Saturday, February 10, 2007


How's my German? Ill.

Now that I'm not in a German class, I can feel the language slipping further away from me everyday. I've taken five classes since we moved here--two evening courses, three intensive, all immersive. It's a lot of work but when you make an effort, learning how to spreche the Deutsch, or any other language, is a miraculous thing. To be able to make those strange sounds with your own mouth, to be able to shoot the breeze on the street with a stranger, to occasionally even get a joke--it's incredible. In school, when I'm beavering away, studying hard, doing vigorous battle with sentence structure and gendered nouns, I feel like I'm slowly surfacing from a swamp of American Pop talk, and bit by bit, beginning to actually understand what's happening around me.

But when I take a break from classes, that momentum reverses. I degenerate. The store clerk who last week seemed so urbane and helpful is now droning on, "Blah blah, bah, bah blah....." The old lady at the streetcar stop is smiling and chirping "Stoppen blinken stinken." All of Vienna is mystifying, nothing is illuminated.

One thing that has changed is that my wife will finally speak German with me.

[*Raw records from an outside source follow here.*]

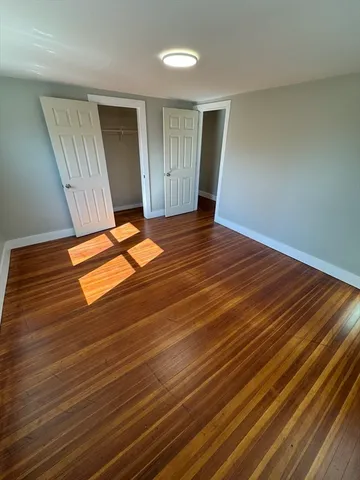 an empty room with wooden floor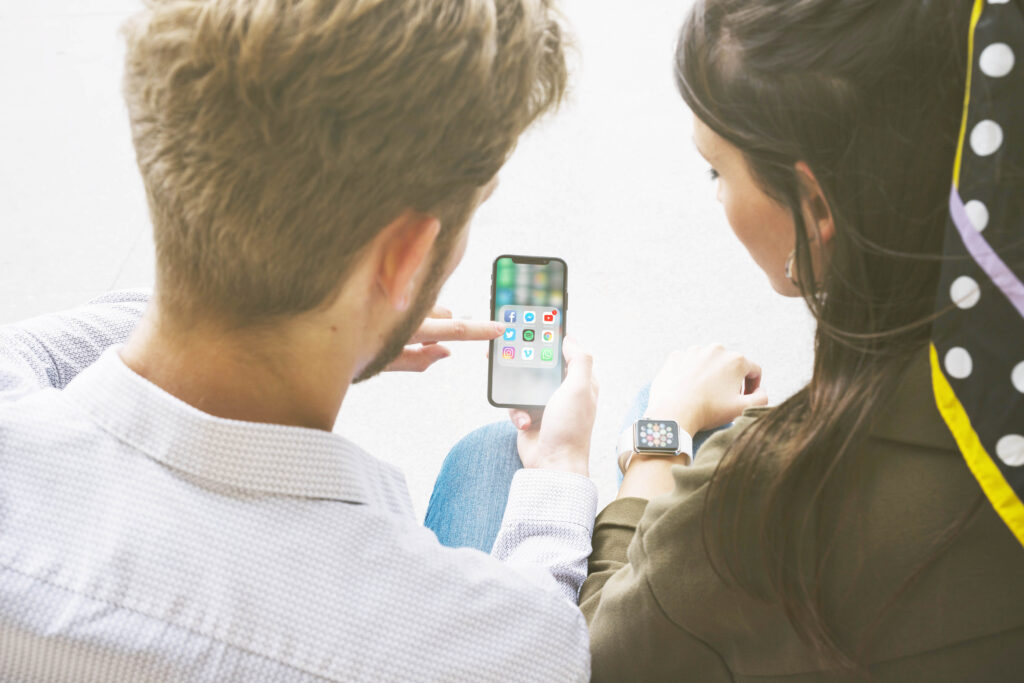 friends-using-application-mobile-phone-by-connecting-with-smart-watch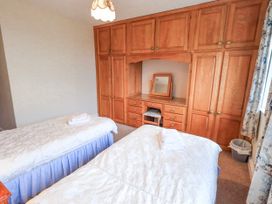 A bedroom with two beds and a wardrobe at Ghyll Bank House in Staveley near Windermere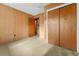 Bedroom with wood paneled walls, carpeted floor, and door to bathroom at 11451 Pala Verda Ave, Leesburg, FL 34788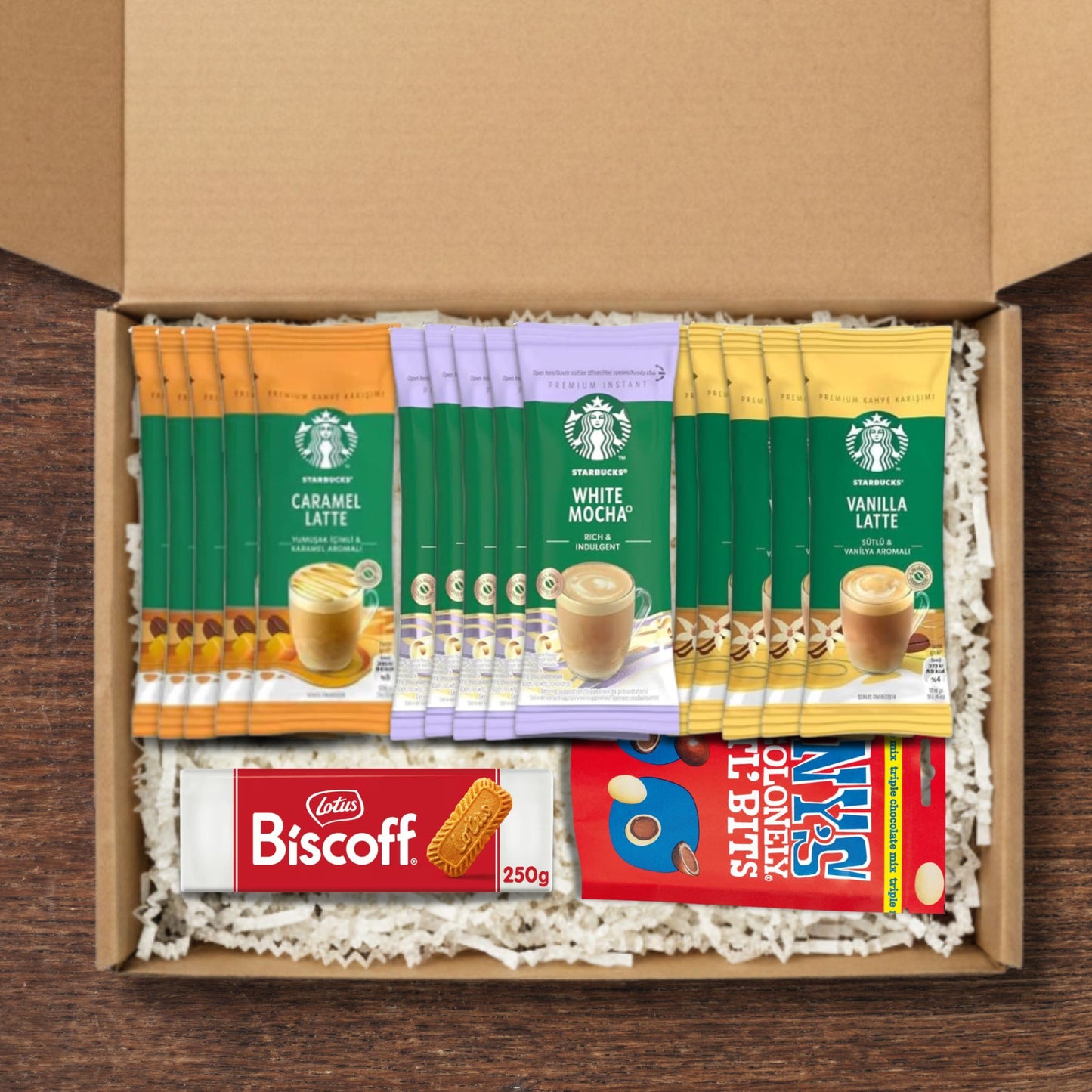 Gift box containing Starbucks coffee sachets, Biscoff cookies and Tony's Chocolonely littl bits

When I took my first classes, I would sometimes try out a few words or phrases on her, and she would just shudder and turn away. She couldn't handle talking to me as if I was a four-year-old. But now I'm speaking like a slightly odd ten-year-old, and that she can deal with. Sometimes she suggests that we should just speak German all the time.

But I'm not ready for that, either. I'm not ready to leave the American Pop talk swamp. I like this swamp. I love using "crummy," and referring to Mister Toad's wild ride as a "real ring tail tooter."

It's not like I want read Goethe in the original German. I'll be happy if I can sit politely at a dinner party, understand 70% of what's being said, wait my turn to speak, then bust out a good line about a fartknocker.

That would be assimilation.

1 comment:

Ed Ward said...

With luck, you can raise your kid perfectly bilingual, as a number of my friends are doing. One parent speaks one language exclusively, the other the other. This way the kid never thinks about "German" or "English" and winds up thinking fluently in both. I have two friends in their 40s here who were raised like this, and they're amazing.

That said, the later you choose to learn a language, the harder it is. Of course, for me, motivation has something to do with it; I gave up finally, settling for my current state of maybe quarter-fluency, and am looking forward to moving to a place where the language I started learning at 14 -- and am much better at -- is spoken.